Wednesday, June 4, 2008

Midway, 4-7 June 1942

HIJMS Hiryū dodges a stick of bombs dropped by a US Army Air Forces B-17 heavy bomber at about 8 a.m. on 4 June 1942, northwest of Midway Atoll. Note the large hinomaru (Rising Sun) painted on Hiryū's bow. Two aircraft, probably A6M2 Zero fighters, appear to be parked amidships, just forward of the ship's center elevator, near Hiryū's island. The Rising Sun would make a convenient aiming point for US Navy SBD Dauntless dive bomber pilots that same evening. (USAF Photo)
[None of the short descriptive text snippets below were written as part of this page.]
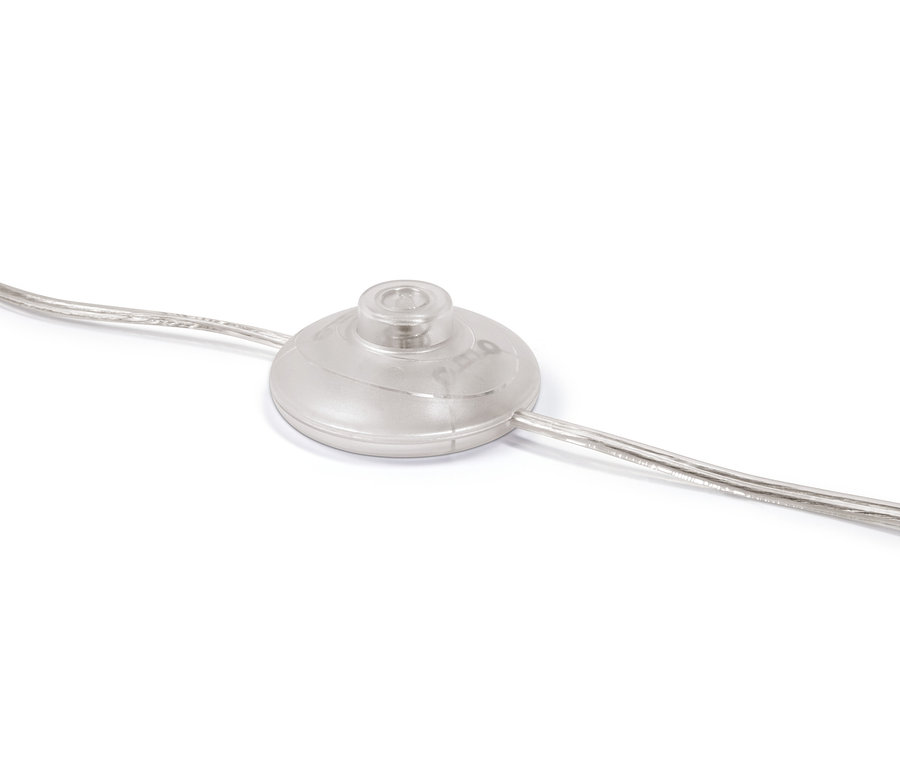 Detailaufnahme des Fußschalters der Stehleuchte »Glaskugel«.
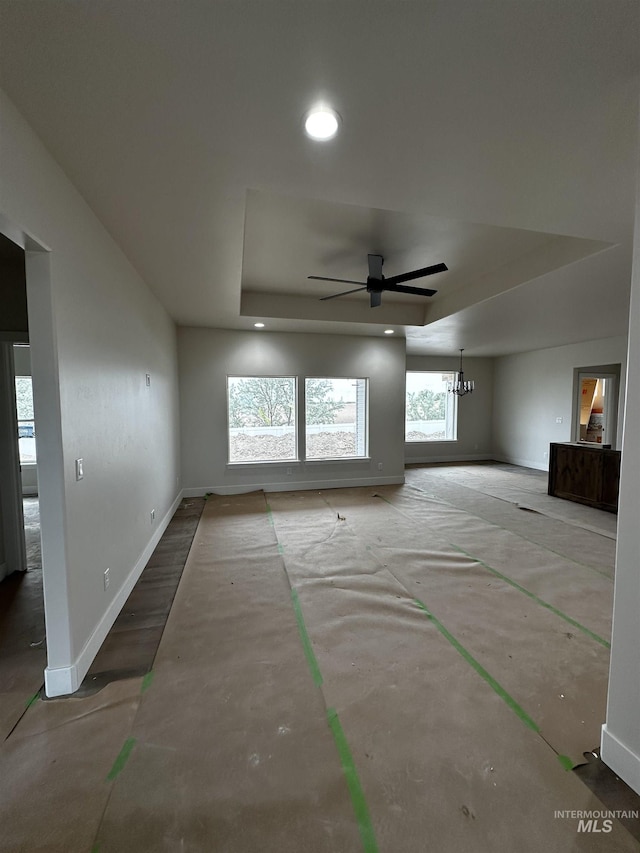 941 Gregory Way, Twin Falls, ID 83301 - unfurnished living room featuring a tray ceiling, baseboards, ceiling fan, recessed lighting, and a chandelier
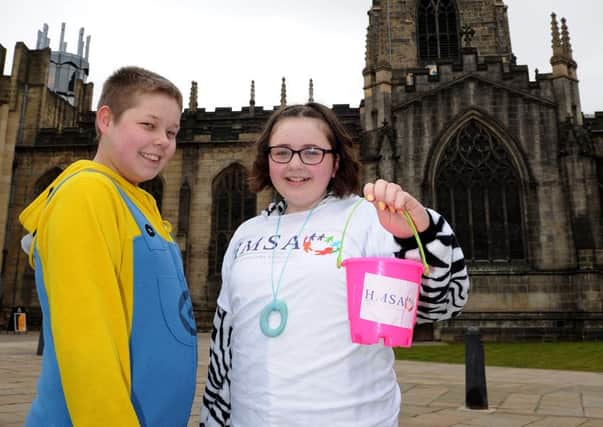 Lauren Williams, 13 and Jordan Armstrong, 14 have walked from Shiregreen to Sheffield Cathedral to raise money for HMSA as Lauren suffers from hypermobility syndrome. Picture: Andrew Roe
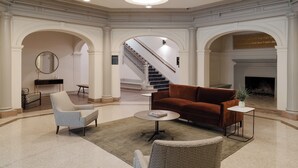 A spacious lobby with a grand staircase, a fireplace, and a modern seating area. - Kasa Capitol Hill Downtown Nashville (Nashville)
Today is the anniversary (in 1942) of the Battle of Midway, fought between US forces (Army, Navy and Marine aviation) and the Imperial Japanese Navy near Midway Atoll in the Pacific. The battle gutted Japan's carrier striking force (Dai-Ichi Kido Butai), costing Japan's First Air Fleet the aircraft carriers Akagi, Kaga, Sōryū and Hiryū. Japan also lost heavy cruiser Mikuma.
The Americans lost aircraft carrier Yorktown (CV-5) and destroyer Hammann. Both sides lost hundreds of airplanes. The Americans lost at least 300 young men dead, the Japanese ten times that. From 7 December 1941 until Midway, the US was on the defensive in the Pacific. No longer. At Midway, the United States, in Gordon Prange's words, put aside the shield and picked up the sword.
This battle, involving hundreds of ships and thousands of men, was fought and won by barely 200 young men, mostly in their twenties; navigating aircraft between moving points by slide-rule, pencil and dead-reckoning over miles of empty ocean. Those with good navigation, who didn't crash at sea, arrived over their frantically maneuvering targets between 9 and 10:30 to drop their ordinance and possibly be killed by other terrified young men. Then they had to escape the enemy, and try to make it back to their own ships, again over miles of ocean; landing to perhaps do it again. Assuming that is, they could even find their moving ships, or they didn't run out of gas first. Many pilots (and their gunners, who depended on their pilots to get the navigation right) simply vanished.
I will possibly have more to say on Midway tomorrow. But remember the pilots of Midway today. In particular, remember in your prayers Wesley Osmus, Ensign USNR, (USS Yorktown), Frank W. O’Flaherty, Ensign USNR (USS Enterprise), and Bruno Gaido (Aviation Machinist's Mate -- O'Flaherty's gunner) -- aviators captured during the attacks on the Japanese fleet, and murdered by their captors.

Went the day well ?
We died and never knew.
But, well or ill, Freedom, we died for you.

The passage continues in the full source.